*** Data
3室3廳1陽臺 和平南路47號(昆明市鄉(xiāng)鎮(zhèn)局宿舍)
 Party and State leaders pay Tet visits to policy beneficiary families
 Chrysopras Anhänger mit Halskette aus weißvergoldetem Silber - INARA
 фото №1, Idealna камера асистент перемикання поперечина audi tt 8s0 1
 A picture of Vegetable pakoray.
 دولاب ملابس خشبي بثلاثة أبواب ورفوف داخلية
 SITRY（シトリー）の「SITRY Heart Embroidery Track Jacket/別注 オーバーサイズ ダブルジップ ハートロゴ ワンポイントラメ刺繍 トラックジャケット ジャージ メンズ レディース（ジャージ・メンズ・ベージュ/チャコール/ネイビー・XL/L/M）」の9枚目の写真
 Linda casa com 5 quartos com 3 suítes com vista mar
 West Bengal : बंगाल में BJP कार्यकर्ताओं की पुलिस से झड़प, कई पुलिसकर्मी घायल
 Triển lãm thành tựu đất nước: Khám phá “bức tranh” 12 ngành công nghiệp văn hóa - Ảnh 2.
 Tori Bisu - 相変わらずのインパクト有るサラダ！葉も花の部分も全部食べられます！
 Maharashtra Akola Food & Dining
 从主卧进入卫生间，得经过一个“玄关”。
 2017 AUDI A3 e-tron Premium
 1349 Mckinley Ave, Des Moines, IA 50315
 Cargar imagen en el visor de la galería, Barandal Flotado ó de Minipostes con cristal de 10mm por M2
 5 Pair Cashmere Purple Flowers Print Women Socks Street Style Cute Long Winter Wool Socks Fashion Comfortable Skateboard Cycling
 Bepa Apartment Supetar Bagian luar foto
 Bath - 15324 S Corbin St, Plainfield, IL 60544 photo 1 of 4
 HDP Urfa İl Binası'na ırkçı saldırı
******
■ Requirement ■
Write out the listing exactly, keeping every character.

■ Task solution ■
3室3廳1陽臺 和平南路47號(昆明市鄉(xiāng)鎮(zhèn)局宿舍)
 Party and State leaders pay Tet visits to policy beneficiary families
 Chrysopras Anhänger mit Halskette aus weißvergoldetem Silber - INARA
 фото №1, Idealna камера асистент перемикання поперечина audi tt 8s0 1
 A picture of Vegetable pakoray.
 دولاب ملابس خشبي بثلاثة أبواب ورفوف داخلية
 SITRY（シトリー）の「SITRY Heart Embroidery Track Jacket/別注 オーバーサイズ ダブルジップ ハートロゴ ワンポイントラメ刺繍 トラックジャケット ジャージ メンズ レディース（ジャージ・メンズ・ベージュ/チャコール/ネイビー・XL/L/M）」の9枚目の写真
 Linda casa com 5 quartos com 3 suítes com vista mar
 West Bengal : बंगाल में BJP कार्यकर्ताओं की पुलिस से झड़प, कई पुलिसकर्मी घायल
 Triển lãm thành tựu đất nước: Khám phá “bức tranh” 12 ngành công nghiệp văn hóa - Ảnh 2.
 Tori Bisu - 相変わらずのインパクト有るサラダ！葉も花の部分も全部食べられます！
 Maharashtra Akola Food & Dining
 从主卧进入卫生间，得经过一个“玄关”。
 2017 AUDI A3 e-tron Premium
 1349 Mckinley Ave, Des Moines, IA 50315
 Cargar imagen en el visor de la galería, Barandal Flotado ó de Minipostes con cristal de 10mm por M2
 5 Pair Cashmere Purple Flowers Print Women Socks Street Style Cute Long Winter Wool Socks Fashion Comfortable Skateboard Cycling
 Bepa Apartment Supetar Bagian luar foto
 Bath - 15324 S Corbin St, Plainfield, IL 60544 photo 1 of 4
 HDP Urfa İl Binası'na ırkçı saldırı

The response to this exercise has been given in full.